Мартин Эмис - Лондонские поля
В пробуждающемся трактире он встал в очередь за кофе. Дочери хозяев мыли полы; двое мужчин громко переговаривались через весь полутемный зал. Гай, босой, стоял выпрямившись, его кожа и волосы поблескивали от бесчисленных мелких песчинок. Озабоченная поисками добротного мужика женщина, взгляни она на него краем глаза, могла бы найти, что у Гая Клинча прекрасное сложение, классическая лепка лица и превосходное здоровье; однако во всех этих его очевидных достоинствах было что-то бесцельное, бессмысленное: казалось, что они даром растрачены на него. Гай это знал. Антонио, приземистый толстячок с волосатыми плечами, привалившийся к дверному косяку, слегка касаясь рукой своего круглого брюха, — и самодовольно думавший о своих кроваво-красных плавках, о том, как превосходно они изукрашены шнурками и кисточками там, в области промежности, — не обратил на Гая никакого внимания, никакого. А орудующие швабрами хозяйские дочки думали об одном только Антонио, беззаботном, пьяном, погоняющем осла Антонио — и о его кроваво-красном топырящемся мешочке… Гай вышел на дребезжащую терраску, где выпил превосходно сваренный кофе и съел несколько кусков хлеба, политых оливковым маслом. Потом он отнес поднос Хоуп, которая уже содрала с глаз маску, но все еще не открыла их.

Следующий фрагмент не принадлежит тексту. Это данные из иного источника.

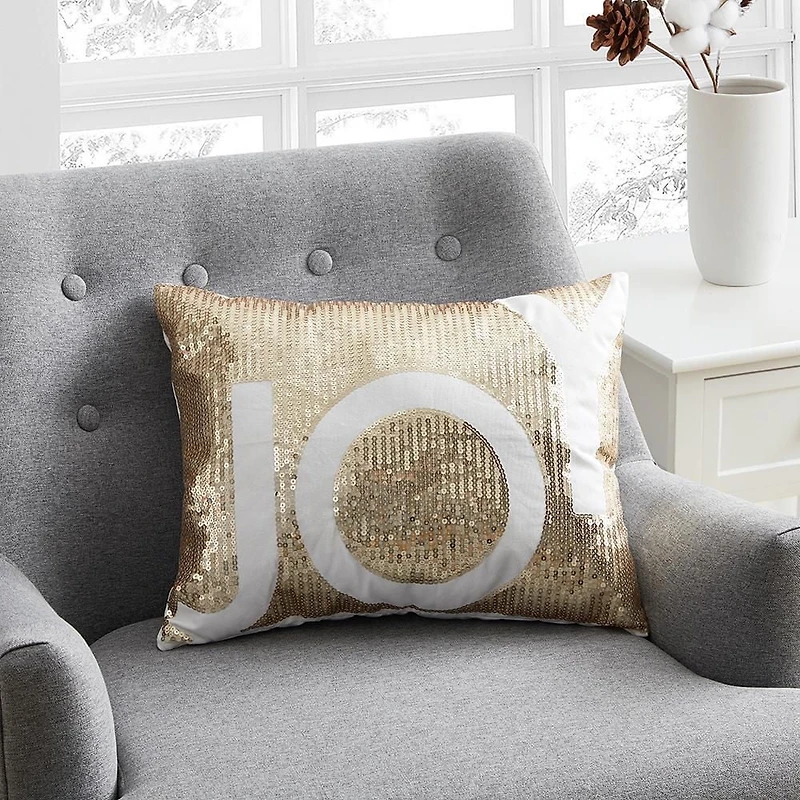 Holiday Time Joy Decorative Cushion in Gold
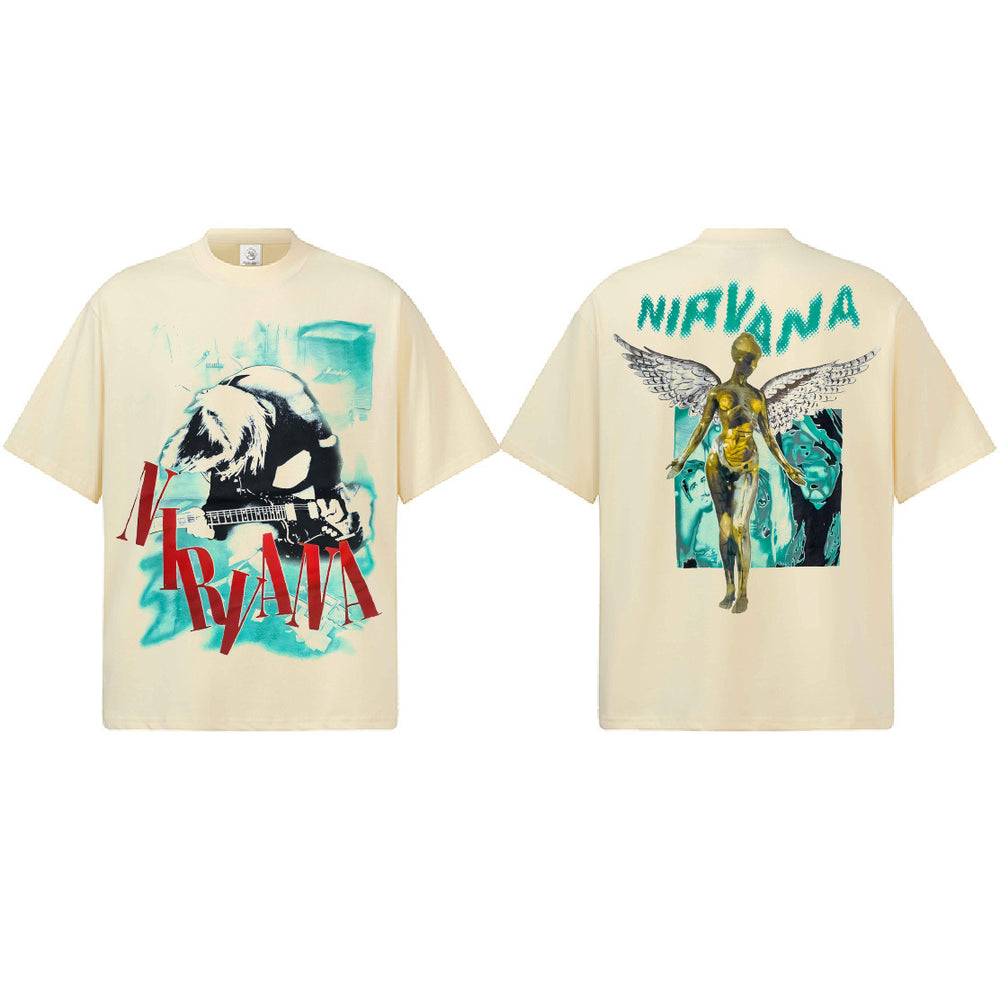 2026 Cross border Spring/Summer NIRVANA New American Round Neck 300G Cotton Shoulder Drop Heavy Short Sleeve Men's Bottom Shirt (1)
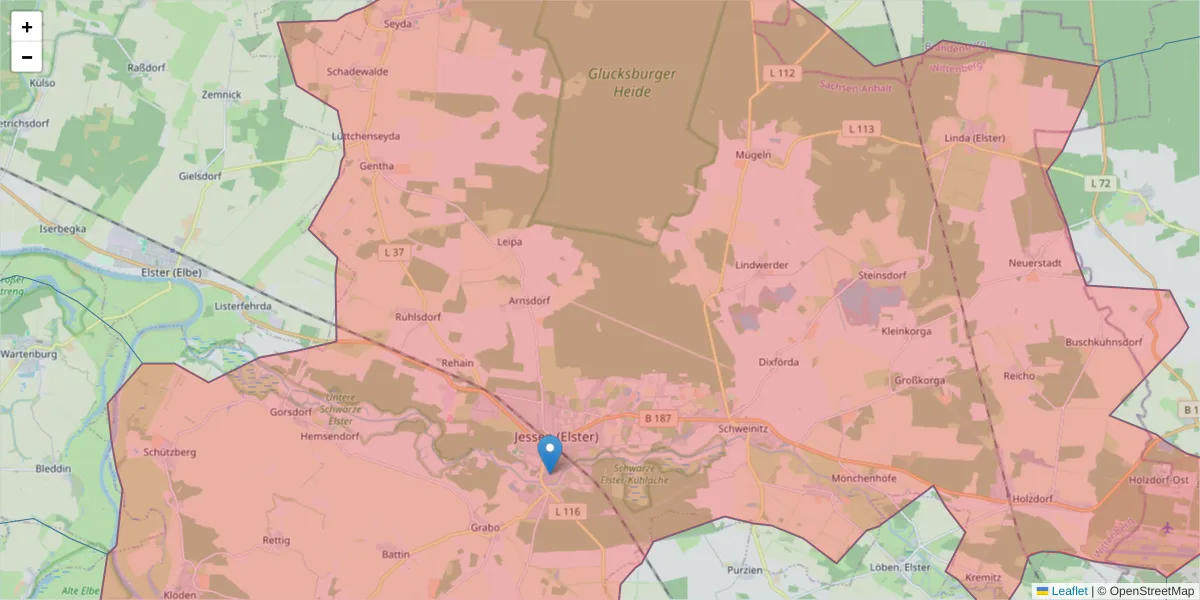Karte des Postleitzahlen Bereichs  und der umliegenden Postleitzahlen in Deutschland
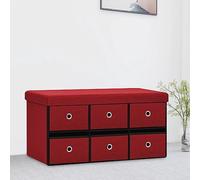 QUAHEAS Banc pliable avec espace de rangement et 6 tiroirs - Rouge vin - 76 x 38 x 38 cm - Aspect lin - Rembourré avec mousse - Peu encombrant - Pour couloir, chambre à coucher, salon et entrée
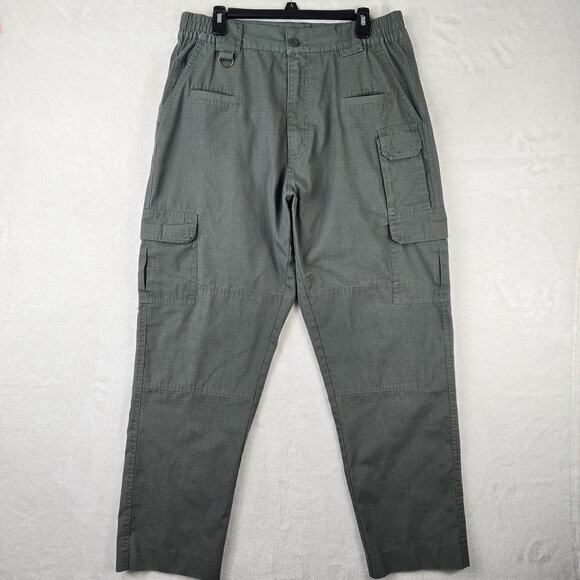 Vintage First Class Green Cargo Ripstop Pants Mens Size 38 R Regular 34x31 - Picture 2 of 12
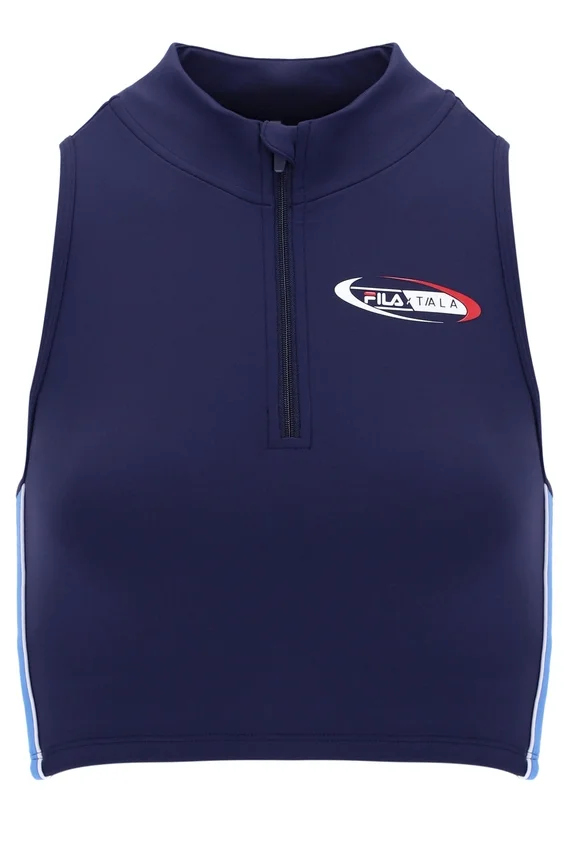 Top corto con cremallera Fila x TALA SKINLUXE en azul marino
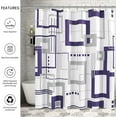 thumbnail image 5 of Blue Shower Curtain Set with Hooks Blue and White Shower Curtains for Bathroom Fabric Grey Shower Curtain Abstract Geometric Bath Curtains Decorative Gray Shower Curtain Water Repellent 72x72, 5 of 6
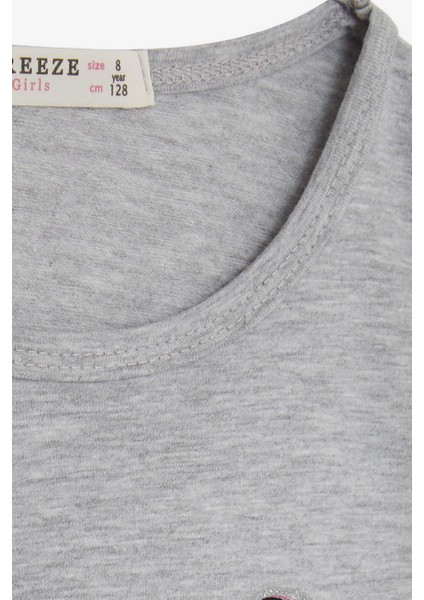 Kız Çocuk Uzun Kollu Tişört Kız Bakılı 4-9 Yaş, Gri Melanj modelleri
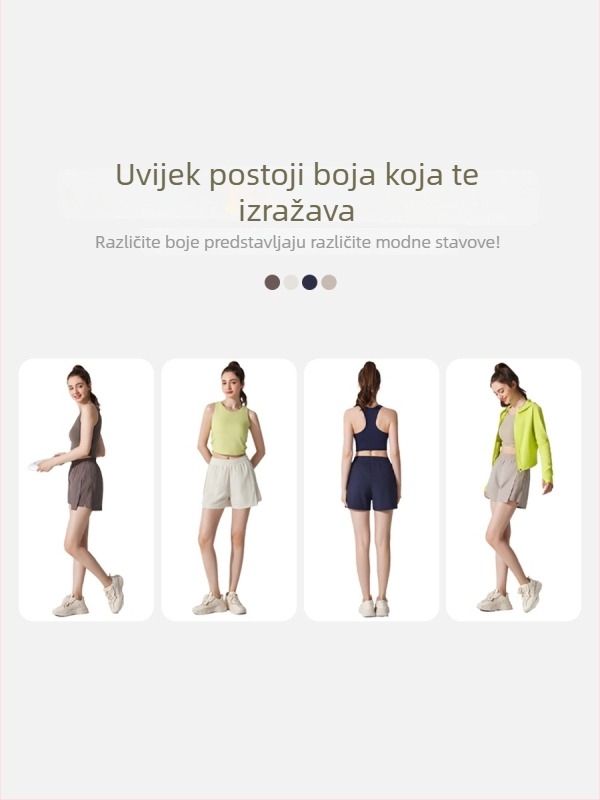 Ženske sportske kratke hlače, brzo se suše, prozračne, smjesa kemijskih vlakana, 90% poliester, 10% elastan, ljeto 2024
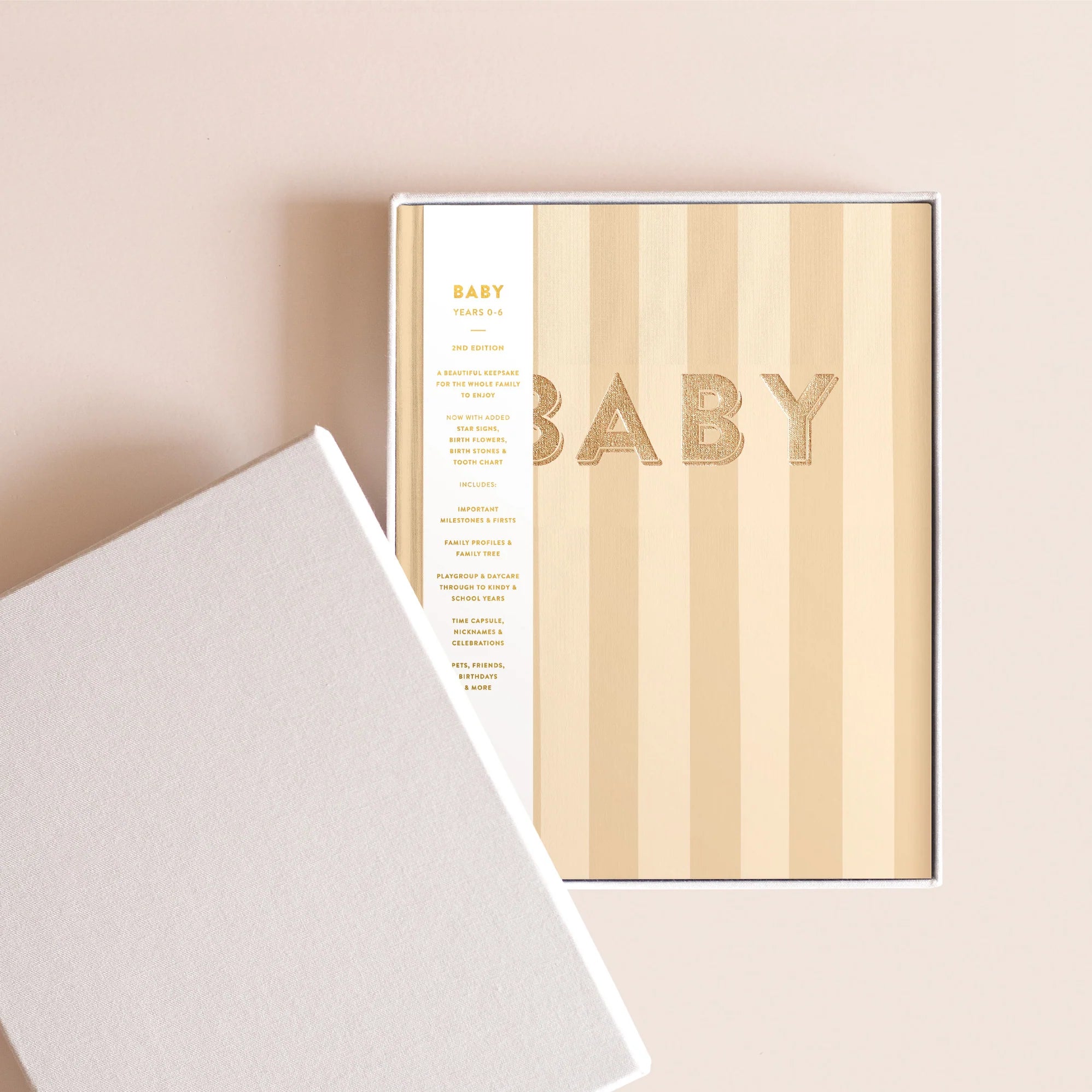 Fox and Fallow Baby Book Coffee Stripe Boxed
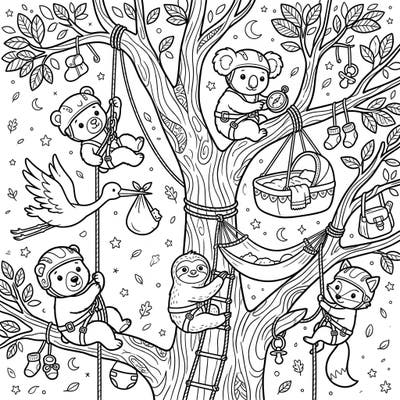 Welcome a new little one with this charming coloring page featuring adorable baby animals on a tree-climbing adventure. It's the perfect activity for a baby shower, combining playful tree climbers with sweet nursery elements.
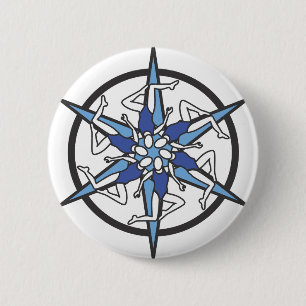 Synchronized Swimming Circle Logo in Blue 2 Inch Round Button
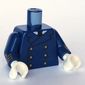 Torso Jacket, 6 Gold Buttons, White Shirt with Black Tie print, Dark Blue Arms with Gold Rank Insignia Print, White Hands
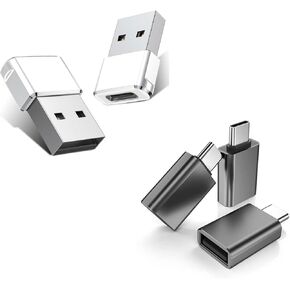 Basesailor USB to USB C Adapter 2 Pack,USB C Female to A Male OTG Charger Type C Converter with USBC Male to USB A 3.0 Female OTG Adapter,Type C Thunderbolt 3/4 Converter for iPhone 15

— Ну что, ты уже что-нибудь предпринял?
— Да нет, я плавал, — сказал он. — Между прочим, сегодня мой день рожденья.
— …Поздравляю.
— Кстати, здесь есть один парень, Антонио, который довольно умело орудует гаечным ключом.
— Да ну! Гай, ведь машина-то совсем сдохла.
Несколькими минутами раньше, когда он стоял на дребезжащей терраске, случилось нечто очень забавное. Услышав где-то не очень далеко ритмичное всхлипывание, Гай схватился руками за виски, как бы желая остановить, заморозить мысль, закрутившуюся у него в мозгу (а он не был к ним склонен, он не питал никакой склонности к порнографическим мыслям). Мысль была вот какая: обнаженную, широко раскинувшую ноги Хоуп грубо пользует неутомимый Антонио… Он взял свой последний кусок хлеба, вышел во двор и предложил его обитающей в бочке собаке. (По дороге он также еще раз бросил недоверчивый взгляд на того самого петуха, на полоумного gallo.) Собака ритмично поскуливала, но не выказала никакого аппетита. Грязная, с добродушной мордой, эта сука хотела просто играть, возиться, брататься — и все время опрокидывалась наземь, когда бросалась вперед, но ее удерживала привязь. Длина этой грязной веревки — всего-то шесть футов — огорчила Гая так, как никогда до того не огорчали его жестокость и беспечность, свойственные испанцам. В этом дворе, на побережье, исхлестанном ветром, где вдоволь и задаром имелся один только необъятный простор, — собаке от него не доставалось и крохи. Бедная, и еще раз бедная, вдвое, втрое, экспоненциально бедная зверина! Я нашел то, что искал, думал Гай (хотя слово не приходило, пока еще нет). Это… Я нашел то, что искал, и это… Это…
— Ну так как?
— Слушай, а почему бы нам не остаться здесь? — сказал он. — На несколько дней. Море прекрасное, стоит только окунуться. Останемся, пока не починят машину. Здесь интересно.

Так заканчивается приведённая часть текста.